- Your objective -
Begin the reply with the line containing "היציעים בטדי לפני" and end it with the final line of the listing, reproducing every line between exactly and adding nothing.

- Information provided -
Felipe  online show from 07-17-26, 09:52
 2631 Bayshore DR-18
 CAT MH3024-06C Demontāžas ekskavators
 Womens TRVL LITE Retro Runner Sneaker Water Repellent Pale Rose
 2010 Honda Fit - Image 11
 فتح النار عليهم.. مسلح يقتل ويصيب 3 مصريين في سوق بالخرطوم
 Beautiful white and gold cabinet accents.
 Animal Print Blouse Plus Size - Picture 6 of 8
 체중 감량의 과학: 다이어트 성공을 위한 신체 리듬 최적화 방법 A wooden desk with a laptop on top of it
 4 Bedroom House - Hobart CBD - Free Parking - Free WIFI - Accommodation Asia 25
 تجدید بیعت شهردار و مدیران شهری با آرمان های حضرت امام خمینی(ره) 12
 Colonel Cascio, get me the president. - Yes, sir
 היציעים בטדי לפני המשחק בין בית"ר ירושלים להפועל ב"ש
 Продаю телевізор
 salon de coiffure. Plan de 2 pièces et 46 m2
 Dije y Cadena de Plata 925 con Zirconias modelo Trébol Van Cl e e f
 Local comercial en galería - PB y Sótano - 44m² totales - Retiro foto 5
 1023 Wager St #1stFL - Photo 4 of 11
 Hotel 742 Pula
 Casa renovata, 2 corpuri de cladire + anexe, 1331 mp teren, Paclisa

- Reply to the task -
 היציעים בטדי לפני המשחק בין בית"ר ירושלים להפועל ב"ש
 Продаю телевізор
 salon de coiffure. Plan de 2 pièces et 46 m2
 Dije y Cadena de Plata 925 con Zirconias modelo Trébol Van Cl e e f
 Local comercial en galería - PB y Sótano - 44m² totales - Retiro foto 5
 1023 Wager St #1stFL - Photo 4 of 11
 Hotel 742 Pula
 Casa renovata, 2 corpuri de cladire + anexe, 1331 mp teren, Paclisa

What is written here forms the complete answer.